Alors que ça me semble si essentiel de se poser ces questions quand on réalise, surtout quand on travaille avec des mineurs sur un film sur les violences sexuelles ! L’après m’importe aussi. L’après-tournage je veux dire. Beaucoup de cinéastes tournent avec des enfants, ils montent leur film, et on se revoit à l'avant-première, ou pour la promo, et après, ciao ! Faites vos vies ! Alors que non, tu as pris une place très importante dans leur évolution, il faut les suivre. Il faut être là, simplement. Alors tu n’es pas responsable de leur vie après le film. Je ne parle pas de contrôle quand je dis responsabilité, mais bien de présence. Et je me rends compte que je ne parle que du tournage des flash-back depuis tout à l’heure ! Pour Charlotte, c’était différent évidemment. C’est une actrice qui joue depuis longtemps, mais là aussi, j’étais la maman. La mère poule. J’ai bien aimé votre question parce qu’elle met Charlotte et Rosa au même niveau dans ce qu’elles ont dû jouer en termes de violence. Parce que c’était dur et physique pour elle aussi. C’est une comédienne qui se lance, qui se jette, qui se donne. Elle pourrait être en danger si le réal ne prend pas soin de ça.

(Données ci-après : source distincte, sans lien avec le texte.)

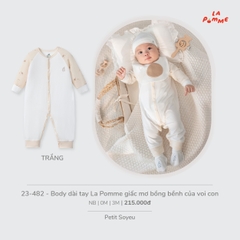 LP - Body dài tay La Pomme giấc mơ bồng bềnh của voi con - Trắng - Newborn - SS26.T7A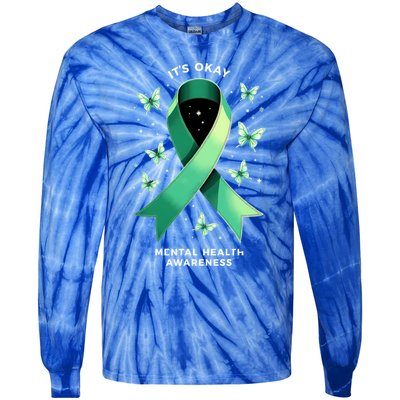 ItS Okay Tal Health Awareness Green Ribbon Great Gift Tie-Dye Long Sleeve Shirt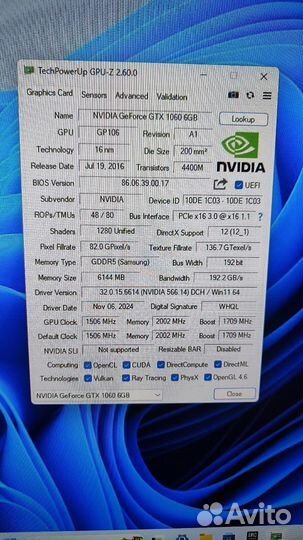 Видеокарта gtx 1060 6gb palit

Copyright Thomas Sweertvaegher-Savage Film

Je comprends mieux l’approche de votre mise en scène, que j’ai trouvé à la fois très frontale mais aussi bienveillante. J’avais presque l’impression que l’Eva adulte n’avait pas de corps, qu’elle était comme verrouillée de l’intérieur alors que l’Eva adolescente veut solliciter le regard des autres, se regarde beaucoup dans le miroir aussi.

C'est drôle parce qu'en parlant de l'image ou comment l'image raconte l'histoire, j'entends plein d'interprétations différentes. Hier, il y avait quelqu'un qui me parlait encore d'autres choses, que je me disais “wow !”

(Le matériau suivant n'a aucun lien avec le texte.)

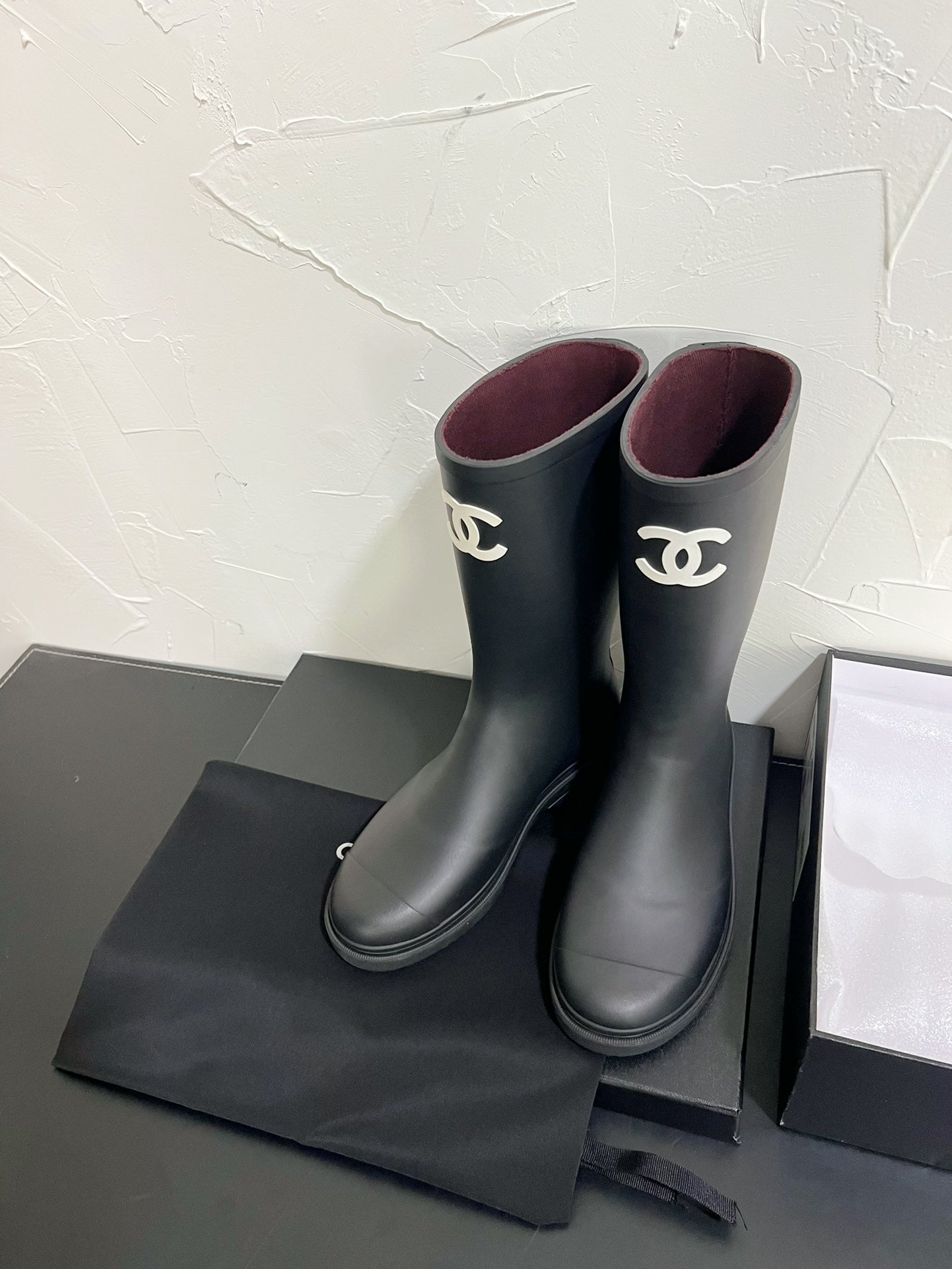 CC High Boots Black Natural Rubber 949646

Mais c'est vrai qu’il a de ça aussi dans le jeu de Rosa et Charlotte. L’Eva-adulte ne bouge presque pas, ne parle presque pas et elle est enfermée dans le cadre. Alors qu'Eva-jeune a encore plein, plein, plein d'endroits où aller. Il y a encore du décor, il y a encore du background, il y a d'autres personnages dans son cadre. Donc il y a encore de l'espoir, il y a le futur. C’était ma base de mise en scène. On a beaucoup travaillé sur ça, sur le langage de l’image, mais c'est beau de voir comment les gens interprètent quand même qu'il n'y a plus de corps, qu'il n'y a que le visage qui existe. Je n’ai pas vraiment voulu couper le personnage de son corps, mais j’ai voulu qu’elle soit dans le contrôle maximum de ses mouvements. C’est pourquoi je fais autant référence au cinéma asiatique dans la partie du présent. Il y a une scène où Eva pleure, c’est un long plan d’elle qui pleure, de près et je l’ai piqué à Lady Vengeance de Park Chan-wook.

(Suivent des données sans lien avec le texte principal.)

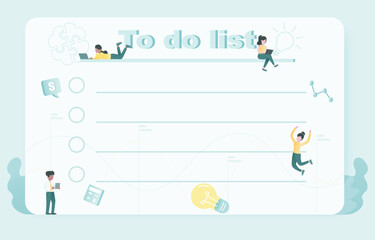 To do list and business variety activity character. Business plan, task checklist, reminder, schedule project plan, assignment to achieve success.  Flat vector design illustration.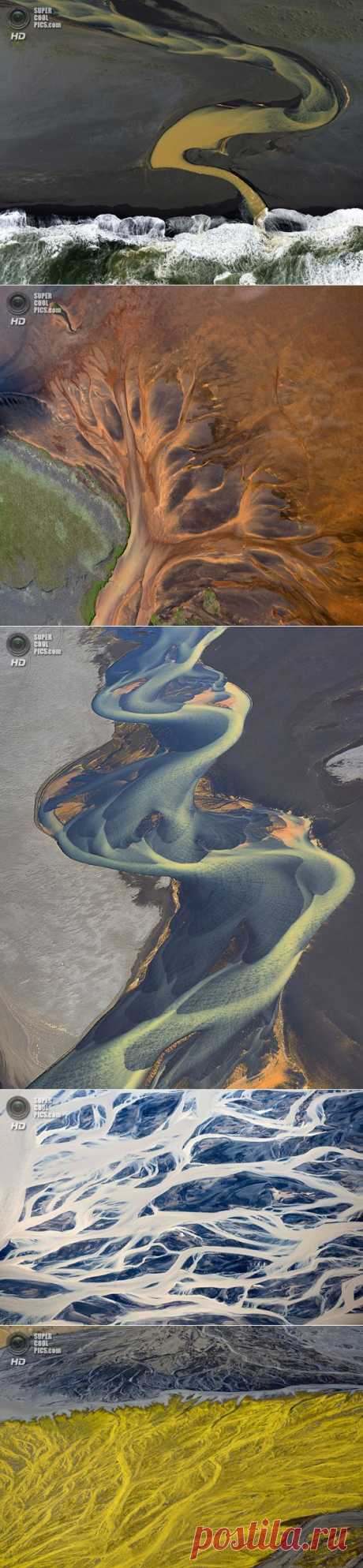 (+1) тема - Ледниковые реки Исландии с высоты птичьего полёта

Vous parlez d’environnement autour de l’enfance d’Eva. On voit par exemple la dynamique familiale, le décès qu’il y a eu dans le village, etc… Elle vient d’un milieu populaire, ses amis également. On voit aussi des adultes totalement démissionnaires dans leur rôle de parents ou de soutien. Pourtant tous ces aspects n’alourdissent pas le récit. Débâcle ne tombe pas dans ce côté un peu complaisant.

En fait, on a beaucoup coupé. On avait encore deux scènes avec les parents qui sont magnifiques, mais je sais très bien me détacher des scènes, aussi intenses soient-elles. C’est très important de garder la notion de ce qu’on a besoin pour faire un film. Parce que sinon, ça devient lourd. Même si la trahison des parents est un background important dans l’histoire, je ne voulais pas que ça prenne le pas sur l’histoire de Eva. De voir les adultes lui tourner le dos physiquement suffisait. Il y a la bouchère qui lui tourne le dos. Il y a la maman dans le fauteuil qui se retourne quand Eva arrive. Il y a la porte fermée du papa. Tout le monde s’en va ou détourne les yeux. C'est la raison pour laquelle je force le spectateur à la regarder dans les yeux pendant la scène clé. Et vous, vous restez là, et vous êtes témoin, et vous tenez sa main. Et quelque part, c'est interactif à ce moment-là. Tout ce que ces gens-là ne font pas, vous allez le faire. Et pour certains, c'est très dur. Ils ne supportent pas. Ils trouvent ça trop dur, ils trouvent ça insupportable, mais justement, pour moi, ça dit quelque chose. Ça raconte quelque chose.